Chandela king
- Reign: c. 1035-1050 CE
- Predecessor: Vidyadhara (Chandela ruler)
- Successor: Devavarman
- Spouse: Bhuvanadevi
- Dynasty: Chandela
- Father: Vidyadhara

= Vijayapala =

Vijayapala (IAST: Vijayapāla; reigned c. 1035-1050 CE) was a king of the Chandela dynasty of India. He ruled in the Jejakabhukti region (Bundelkhand in present-day Madhya Pradesh and Uttar Pradesh).

Vijayapala was born to the Chandela ruler Vidyadhara. No inscription from his reign is available. He is mentioned in several Chandela inscriptions, but most of these contain only vague eulogies. For example, the Mau stone inscription declares that he killed all wicked men and put an end to the Kali Yuga.

By the end of Vidyadhara's reign, the Ghaznavid invasions had weakened the Chandela kingdom. Taking advantage of this, the Kalachuri king Gangeya-deva conquered eastern parts of their kingdom. A fragmentary Mahoba inscription claims that Vijayapala broke the pride of Gangeya in a battle.

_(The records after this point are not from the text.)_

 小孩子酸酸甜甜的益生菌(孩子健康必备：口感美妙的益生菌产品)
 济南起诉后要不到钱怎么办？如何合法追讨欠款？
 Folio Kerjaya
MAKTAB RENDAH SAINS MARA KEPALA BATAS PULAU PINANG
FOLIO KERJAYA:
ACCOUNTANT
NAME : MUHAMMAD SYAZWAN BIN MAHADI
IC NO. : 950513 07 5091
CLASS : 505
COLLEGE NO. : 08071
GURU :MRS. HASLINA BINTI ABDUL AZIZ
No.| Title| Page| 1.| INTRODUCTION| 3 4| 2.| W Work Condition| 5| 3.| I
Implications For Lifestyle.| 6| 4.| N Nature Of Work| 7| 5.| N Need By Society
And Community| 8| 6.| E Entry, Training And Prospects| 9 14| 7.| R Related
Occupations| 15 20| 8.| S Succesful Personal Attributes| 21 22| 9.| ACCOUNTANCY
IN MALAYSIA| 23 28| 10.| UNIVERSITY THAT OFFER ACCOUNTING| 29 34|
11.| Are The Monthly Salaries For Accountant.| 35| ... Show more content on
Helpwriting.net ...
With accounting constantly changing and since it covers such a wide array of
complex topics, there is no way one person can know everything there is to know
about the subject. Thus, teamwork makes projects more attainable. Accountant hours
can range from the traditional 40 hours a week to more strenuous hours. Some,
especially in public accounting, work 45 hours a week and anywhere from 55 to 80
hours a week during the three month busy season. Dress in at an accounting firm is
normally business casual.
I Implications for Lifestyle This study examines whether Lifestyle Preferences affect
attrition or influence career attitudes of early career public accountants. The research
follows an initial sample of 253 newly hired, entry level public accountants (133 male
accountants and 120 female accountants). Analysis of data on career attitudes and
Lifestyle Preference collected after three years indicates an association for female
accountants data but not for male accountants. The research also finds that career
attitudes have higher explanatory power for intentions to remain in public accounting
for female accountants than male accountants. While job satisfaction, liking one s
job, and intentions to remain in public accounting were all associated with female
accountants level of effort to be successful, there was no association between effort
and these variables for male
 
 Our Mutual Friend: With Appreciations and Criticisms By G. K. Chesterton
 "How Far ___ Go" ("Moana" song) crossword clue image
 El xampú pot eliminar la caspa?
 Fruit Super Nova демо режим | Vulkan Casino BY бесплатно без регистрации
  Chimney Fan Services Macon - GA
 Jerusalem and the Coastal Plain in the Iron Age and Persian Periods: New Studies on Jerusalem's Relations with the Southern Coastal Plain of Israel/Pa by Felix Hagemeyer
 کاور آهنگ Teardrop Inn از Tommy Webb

The Kachchhapaghatas of Gwalior probably gave up their allegiance to the Chandelas during Vijayapala's reign. This is indicated by the use of high-sounding titles for the Kachchhapaghata ruler Muladeva in the Sas-Bahu inscription.

Vijayapala's sachiva (chief minister) was Mahipala, who was the son of Vidyadhara's chief minister	Shivanga.

The decline of the Chandela kingdom started during Vijayapala's reign. His successor Devavarman was his son from the queen Bhuvanadevi. The Nanyaura copper-plate inscription of Devavarman is dated 1051 CE. This indicates that Vijayapala's reign ended sometime before this year. Devavarman's successor Kirttivarman was also a son of Vijayapala.